The Basics 10 min read

In Short

Generative AI is a category of machine learning in which models learn the statistical structure of training data and then produce new content that resembles it. Unlike systems that classify or predict from existing data, generative models create: text, images, audio, video, code, and more. The field was reshaped by transformers in 2017, exploded with diffusion models and large language models, and by 2024 had entered a multimodal, agentic phase that continues through 2026.

01. What It Is

Generative AI refers to deep-learning systems trained to produce new data that is statistically similar to the data they were trained on. The model learns a compressed internal representation of its training corpus, then samples from that representation to create novel output. Concretely: feed a model all of Wikipedia and it learns to write prose. Feed it millions of photographs and it learns to render plausible new scenes.

The output can be text, images, audio, video, 3D geometry, software code, or combinations of these. The model does not retrieve a stored answer. It generates one, token by token or pixel by pixel, from a learned probability distribution over possible outputs.
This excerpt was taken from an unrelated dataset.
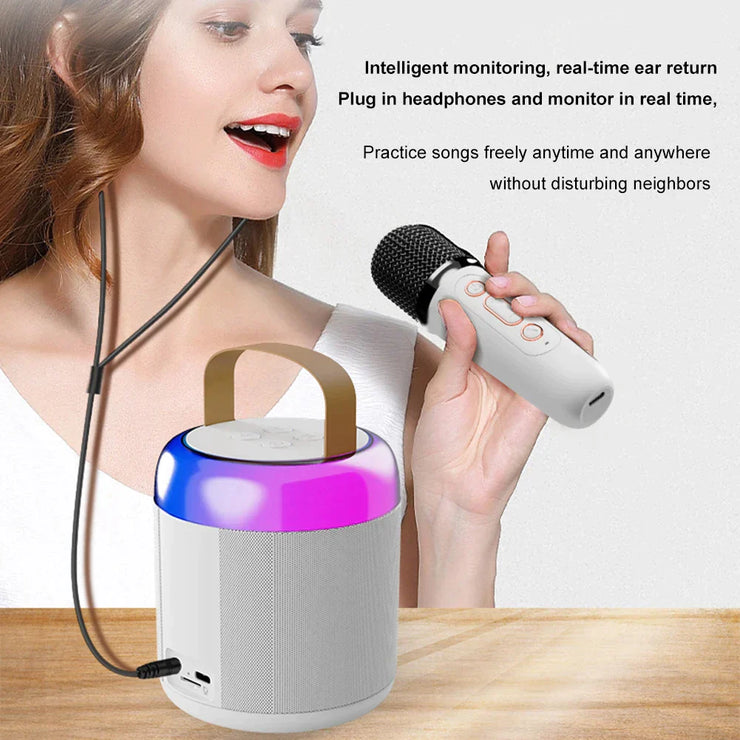 Y1 Bluetooth small speaker Hot products Portable plug-in card outdoor home K song microphone audio machine mini wireless audio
This is fundamentally different from how most people picture "AI" in the traditional sense. Earlier AI systems were mostly discriminative: they told you which category something belonged to, or predicted a numerical outcome, but they did not create anything new.

02. Why It Matters

Before generative AI reached its current scale, building an AI product meant collecting labeled data, training a narrow model for one specific task, and deploying it for that task only. The model that classified customer sentiment could not write a summary, and the model that detected tumors in X-rays could not explain its reasoning.

Generative AI, especially in the foundation model form, broke that pattern. A single model trained on general data can be steered toward many tasks through prompting or light fine-tuning. This slashed the cost of entering new AI use cases by orders of magnitude and brought the technology within reach of individual developers rather than only large research labs.

03. How It Works: The Model Families

There are several distinct technical families, each with different strengths.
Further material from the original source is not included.